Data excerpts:
========
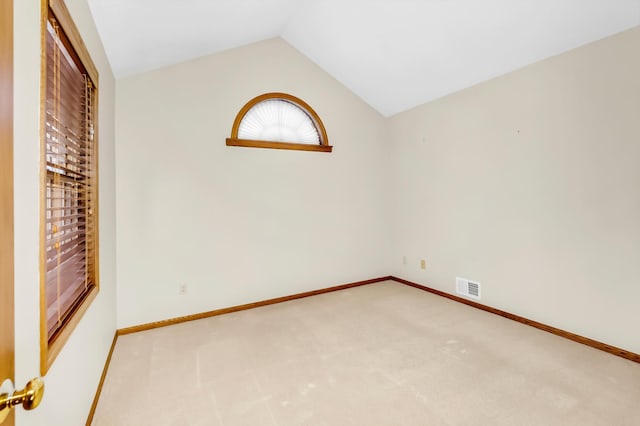 unfurnished room with carpet and vaulted ceiling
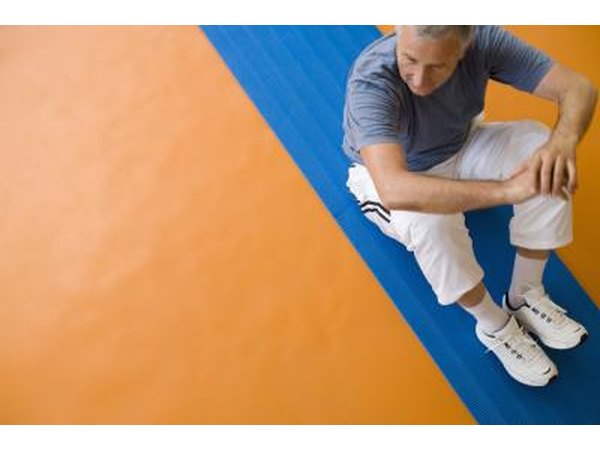 Perform a lower body workout consisting of squats, calf raises, leg extensions, and bicep curls.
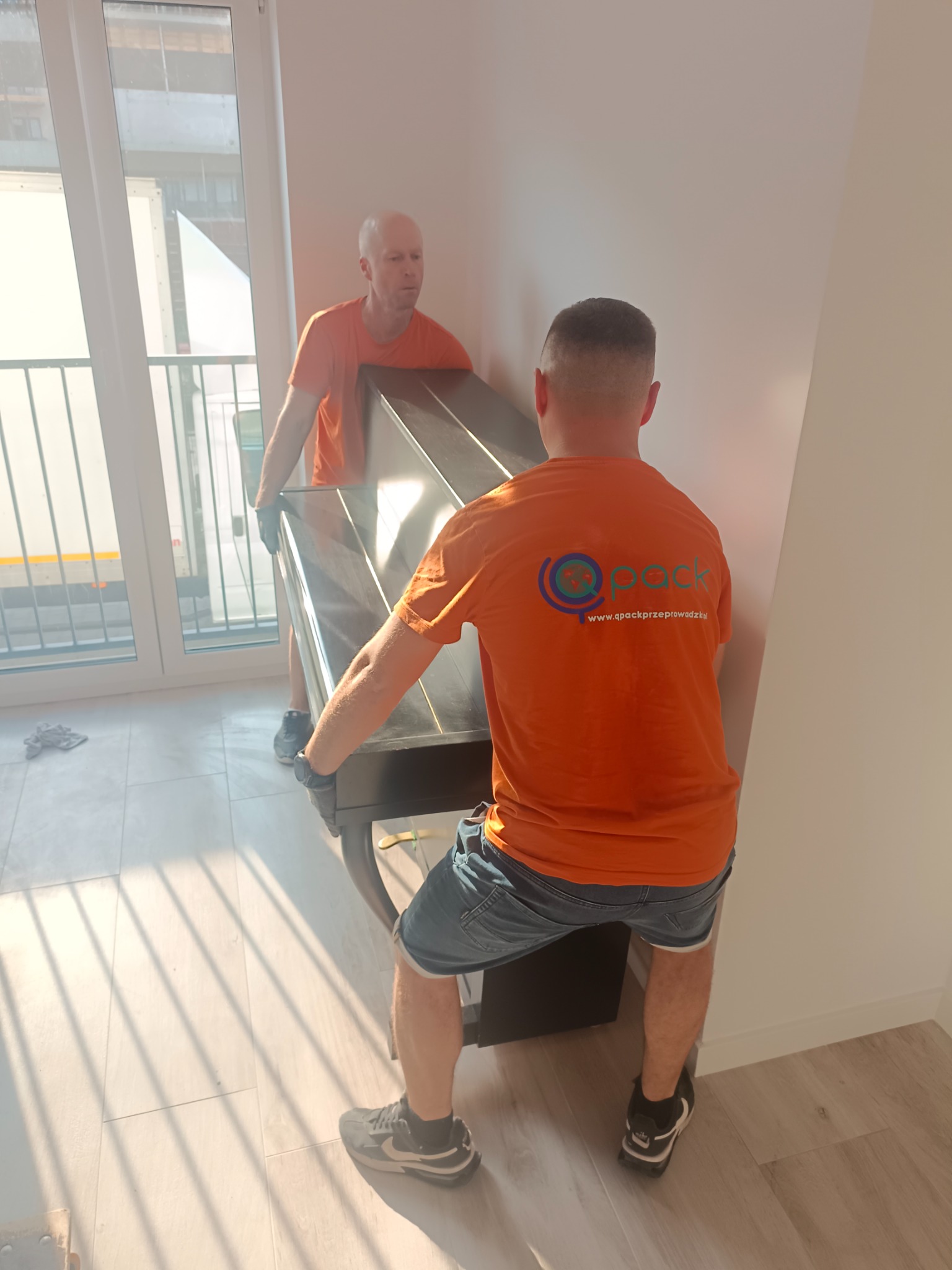 Dwóch mężczyzn w pomarańczowych koszulkach z logo firmy przeprowadzkowej, w rękawicach, wnosi czarny fortepian do jasnego pomieszczenia z dużymi oknami, przez które widać zaparkowaną ciężarówkę.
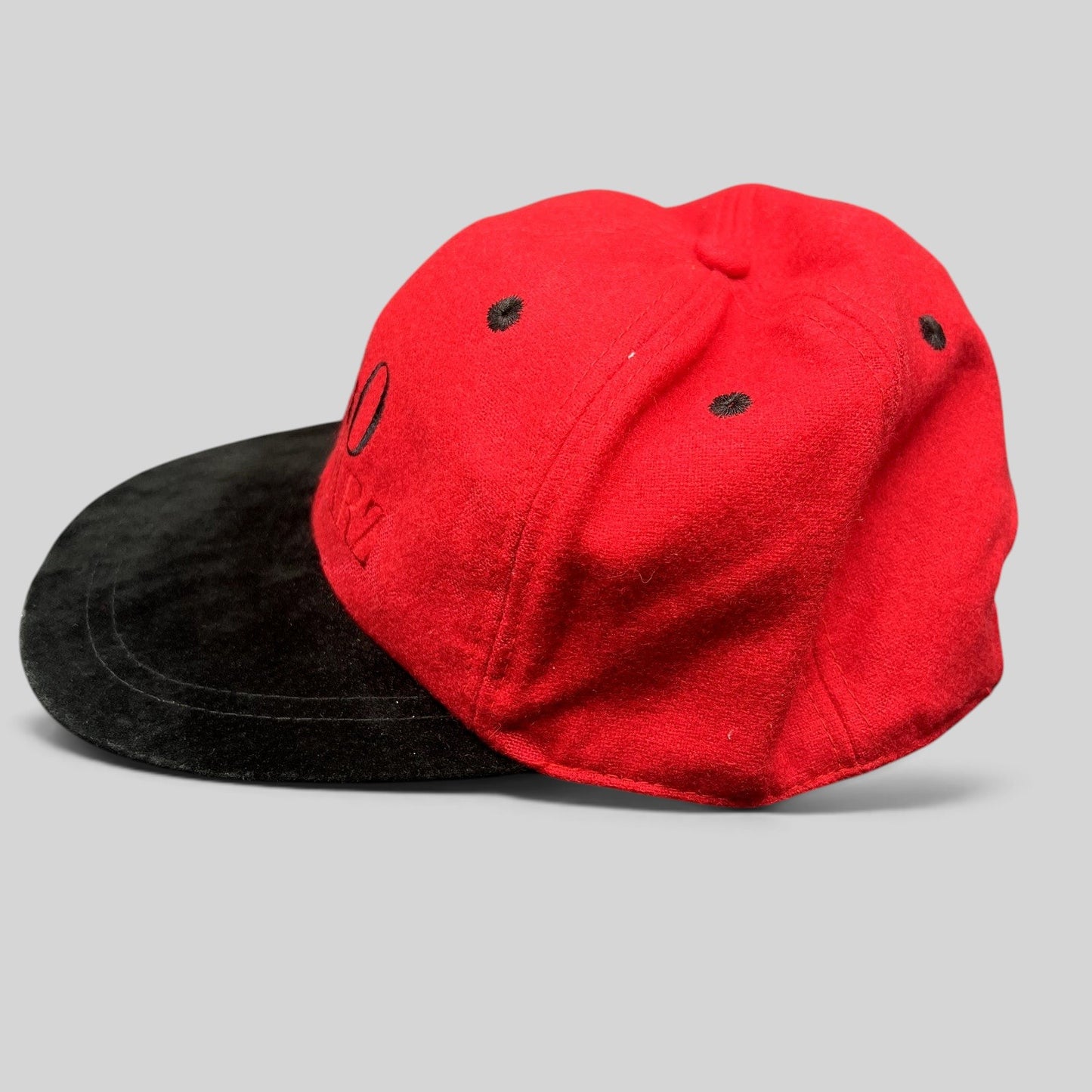 Raree Finds vintage FAO Schwarz youth strapback hat in red wool with a black brim and embroidered logo detail.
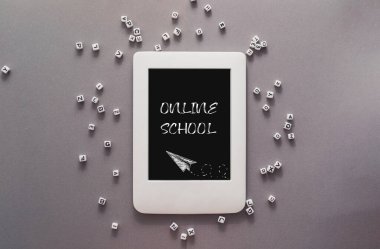 Gri bir arka planda dağınık harflerle ONLINE okul laptopuyla yazılmış. İnternet aracılığıyla eğitim kavramı.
========
TASK STATEMENT: Excluding the pictures, retype the line containing "Perform a lower" and all lines after it down to the end of the data above.

ANSWER TO THIS PROBLEM:
 Perform a lower body workout consisting of squats, calf raises, leg extensions, and bicep curls.
 Dwóch mężczyzn w pomarańczowych koszulkach z logo firmy przeprowadzkowej, w rękawicach, wnosi czarny fortepian do jasnego pomieszczenia z dużymi oknami, przez które widać zaparkowaną ciężarówkę.
 Raree Finds vintage FAO Schwarz youth strapback hat in red wool with a black brim and embroidered logo detail.
 Gri bir arka planda dağınık harflerle ONLINE okul laptopuyla yazılmış. İnternet aracılığıyla eğitim kavramı.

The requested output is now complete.